Thanks to the magic of AP credits I finished my BS in three years, but I had to stick around to complete ROTC training and so I enrolled in the master’s program in math. To be able to finish this off in only a year I had to pursue the thesis option, and I approached Peter about supervising it. It turned out that he had been thinking about something called “pointless topology” (don’t say it) and suggested I think about it, too. Here’s the idea: a frame is a distributive lattice with a unique minimal element 0, a unique maximal element 1, in which finite meets exist (given elements \( a, b\), there is a unique element \( a\wedge b\) less than or equal to both), arbitrary joins exist (given an arbitrary collection of elements \( a_\alpha \), there is a unique element \(\bigvee a_\alpha) greater than or equal to all of them), and finite meets distribute over arbitrary joins. Example: the lattice of open sets of a topological space. So now let’s see what we can prove about these things themselves, without thinking about them as open sets in a topological space (so “pointless” topology, get it?). Most of the basic notions from topology can be phrased in these terms—compactness and other covering properties, separation axioms, etc. So I proved and wrote up a bunch of standard theorems in this context. For example, a regular Lindelöf frame is normal. Stuff like that. I learned a lot, and then went off to pursue my PhD when I was done.

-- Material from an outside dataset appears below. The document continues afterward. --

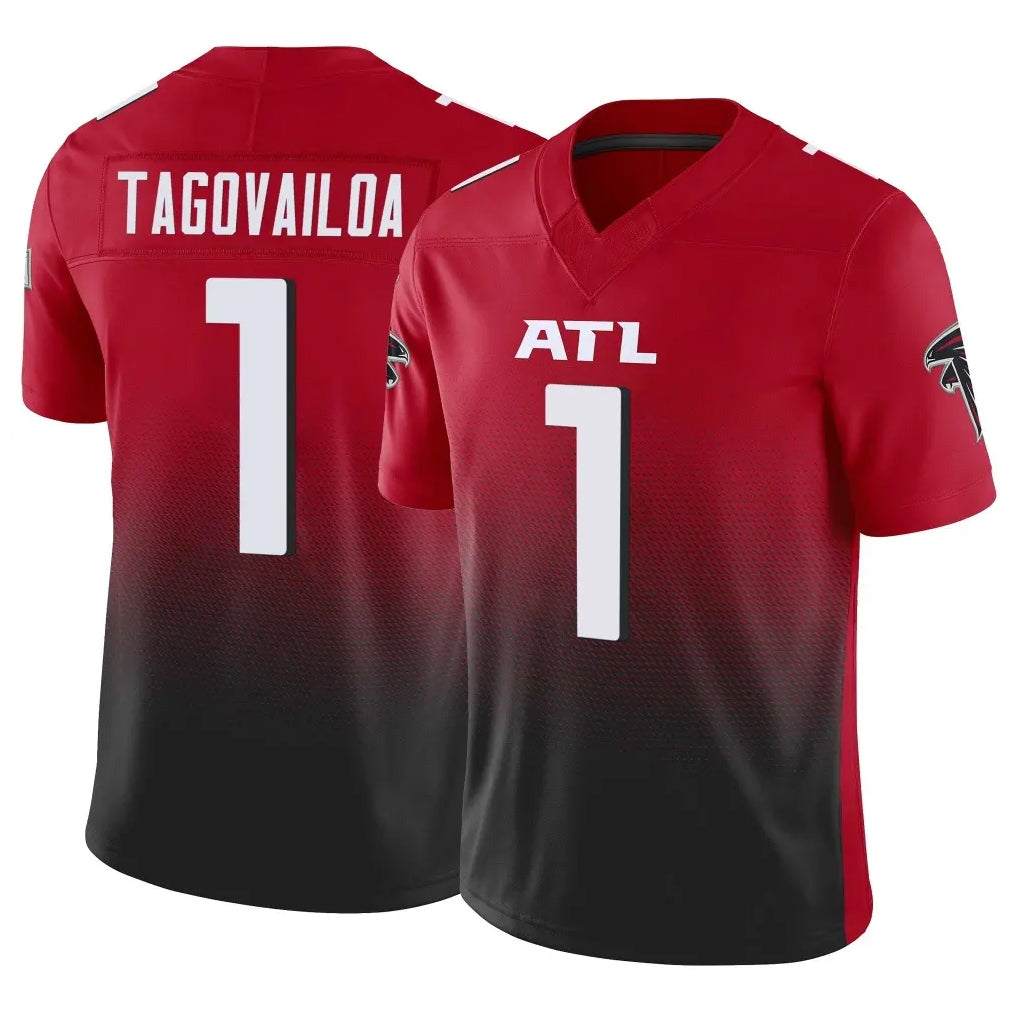 A.Falcons #1 Tua Tagovailoa Player Red Vapor F.U.S.E. Limited Home Game Gdoa Stitched Jerseys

That Peter would get interested in frames was no surprise. He was one of the world’s experts in quasi-uniform spaces. We all know about metric spaces, and get used to working with the defining properties of a metric on a space: reflexivity, symmetry, and the triangle inequality. Here’s a question: can you capture this same information just using open sets instead of a distance function? That’s roughly what a uniformity is on a space, and a metric determines such a structure (but not necessarily conversely; that is, there are uniform spaces that aren’t metric spaces). In life, we know that distances aren’t always symmetric; indeed, one-way streets can really affect the distance between two points on a map depending on which order you’re trying to get from one to the other. So we have the corresponding notion of quasimetric, and therefore quasiuniformity. Peter developed a lot of the theory of these objects, beginning with his dissertation at UNC-Chapel Hill in the mid-1960s.

I left Virginia Tech in 1991 and Peter took the state up on its offer of an early retirement package. He was in his early 50s at the time, and he had a lot of math left in him. Over the next couple of decades he started doing some work in number theory, a pretty radical switch but one that yielded some dividends.

Peter was a kind and generous man, always willing to talk math or anything else. He played the guitar and could sing pretty well while doing it. He introduced me to Brazilian food, an exotic thing for me at the time. I could always count on Peter for advice and good humor. He passed away at the end of July after a long battle with heart disease and kidney disease.